New Clues About Psychosis
A rarely studied brain structure can explain.
Posted Jul 10, 2019
By Brain & Behavior Staff
In a vivid example of the power of basic research, a team of researchers has performed the first analysis of the relation between psychosis and alterations in a vital structural feature of the brain called the choroid plexus that helps to protect and nurture it. In the process, they made a number of discoveries likely to inform future research on not only psychosis but also schizophrenia and bipolar disorder.
The team, led by Paulo Lizano, M.D., Ph.D., of Beth Israel Deaconess Medical Center, included eight recipients of BBRF grants, three of whom are members of BBRF’s Scientific Council. The target of their study, the choroid plexus, is a branching network of cells in which cerebrospinal fluid (CSF) is produced and distributed throughout four large, hollow brain structures called ventricles.
The choroid plexus is important for many reasons. For starters, the brain cannot function without the CSF produced within its walls—the protective, cushioning fluid in which the brain literally floats within the hard surfaces of the cranium, much as a diver in a neutral buoyancy tank floats within the walls of the tank.
A barrier between the CSF and brain tissue is formed by the choroid plexus, giving it another critical function: as a structure that keeps blood components from penetrating the brain and that filters out various molecules, including toxins, while allowing a select number of molecules to enter, including those generated by the immune system. (In this function, this barrier works in concert with another protective structure called the blood-brain barrier)
The choroid plexus, as the researchers note, has been “largely ignored” despite discussions that date to the 1920s of its possible role in schizophrenia and bipolar disorder. Among many intriguing facts previously known but not understood: one of the hallmark features of the brain in people with schizophrenia is an enlargement of the ventricles.
The newly published research does not directly demonstrate that ventricular enlargement is caused by changes in the choroid plexus. But the study does directly link psychosis with enlargement of the choroid plexus (measured in terms of its total volume).
This and other discoveries were made by comparing the structure’s volume (via structural MRI brain scans) in study participants in three groups: one group diagnosed with psychosis; another consisting of relatives of these individuals; and a third group consisting of matched healthy controls.
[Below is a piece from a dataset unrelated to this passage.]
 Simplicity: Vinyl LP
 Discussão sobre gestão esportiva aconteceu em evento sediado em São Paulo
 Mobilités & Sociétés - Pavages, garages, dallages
The volume of the choroid plexus was “significantly larger” in participants with psychosis, compared with first-degree relatives or controls. But some enlargement was also noted in first-degree relatives when compared with controls—indicating that volume of the choroid plexus is “significantly heritable.”
Perhaps more compelling is the finding that in study participants with psychosis, larger volume of the choroid plexus was associated with lower scores on cognitive tests, smaller grey matter and amygdala volume, larger ventricle volume, and lower levels of neural connectivity. All are potentially related—whether causally or by association—to pathology involved in causing psychosis.
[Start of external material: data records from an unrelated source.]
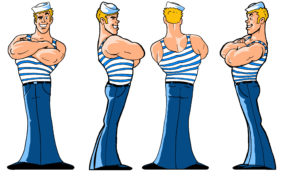 Hamburger Matrosen
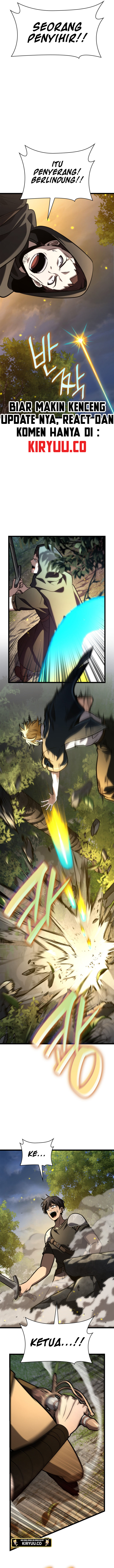 Infinite Mage Chap 126 - Next Chap 127
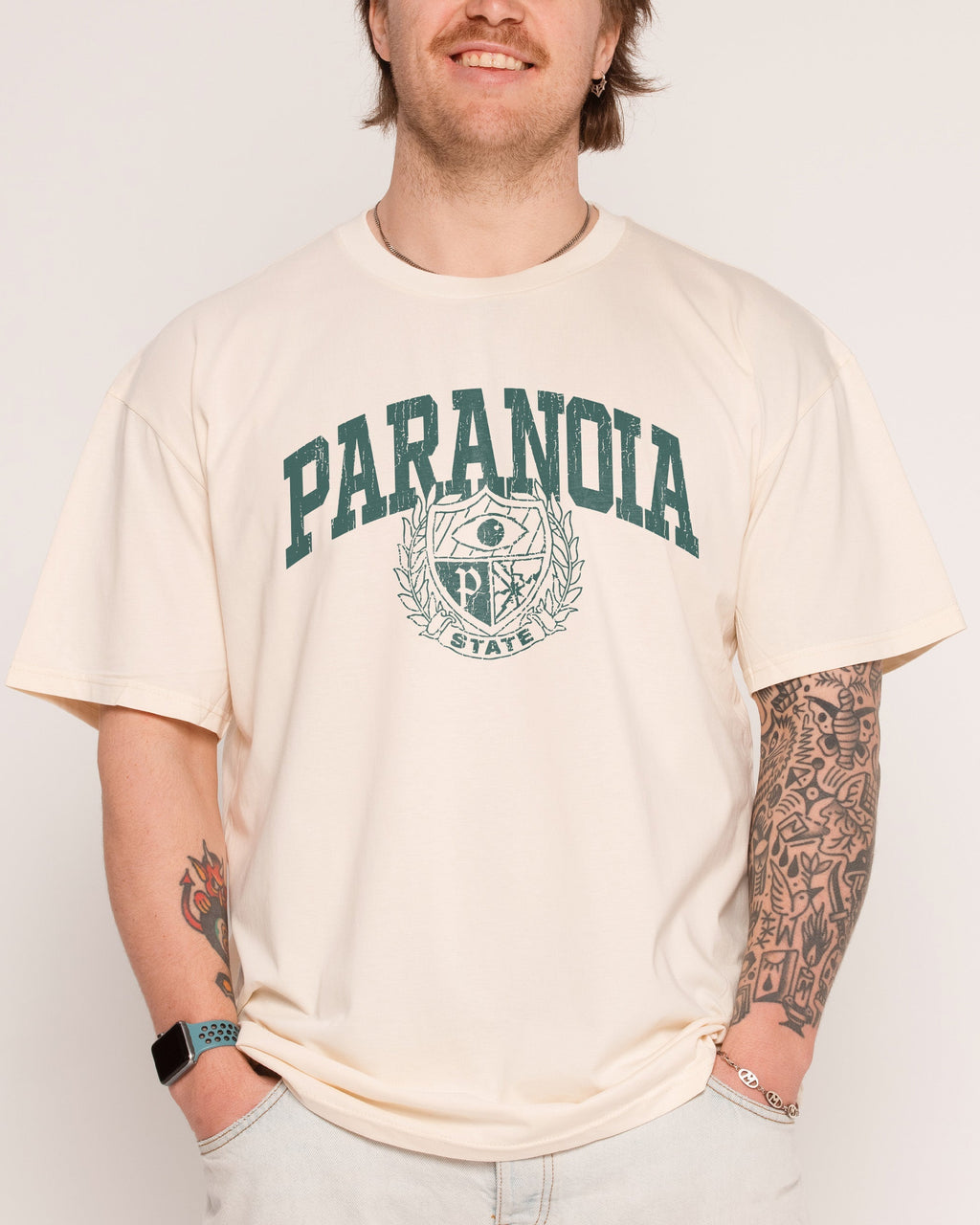 Paranoia State T-Shirt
One additional discovery that the team also found to be compelling: enlargement of the choroid plexus in participants with psychosis correlated with higher levels of interleukin 6 (IL-6), a signaling cell that is part of the immune system and which can penetrate the barriers between the brain, the blood and the CSF. “It is noteworthy that IL-6 elevation is strongly implicated in schizophrenia and bipolar [disorder] pathophysiology,” and perhaps also with reduction in the grey matter of the cerebral cortex, the team said.“Our findings suggest the involvement of the choroid plexus across the psychosis spectrum, with a potential mechanism involving the neuro-immune system, which functions in regulating the brain and interacting with the body’s immune and inflammatory systems,” they concluded.
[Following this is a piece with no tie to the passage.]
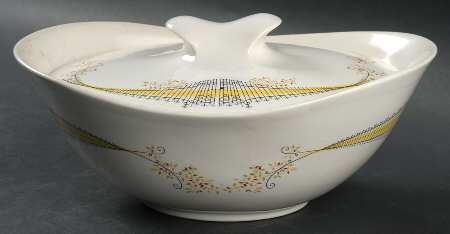 Buckingham 1.25 Quart Oval Covered Casserole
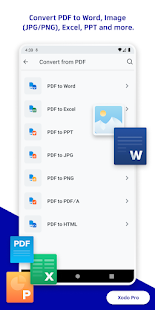 Xodo PDF | PDF Reader & Editor Screenshot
BBRF grantees involved in the research include: 1997 Young Investigator Matcheri Keshavan, M.D.; Scientific Council member and 2010 and 1998 Distinguished Investigator Carol Tamminga, M.D.; Scientific Council member and 2006 and 1998 Distinguished Investigator Elliot Gershon, M.D.; 1997 Independent Investigator John Sweeney, Ph.D.; Scientific Council member and 2000 Distinguished Investigator Godfrey Pearlson, M.D.; 2000 Independent Investigator Brett Clementz, Ph.D.; 2012 Young Investigator Ofer Pasternak, Ph.D.; and 2008 Young Investigator Jeffrey Bishop, Pharm. D.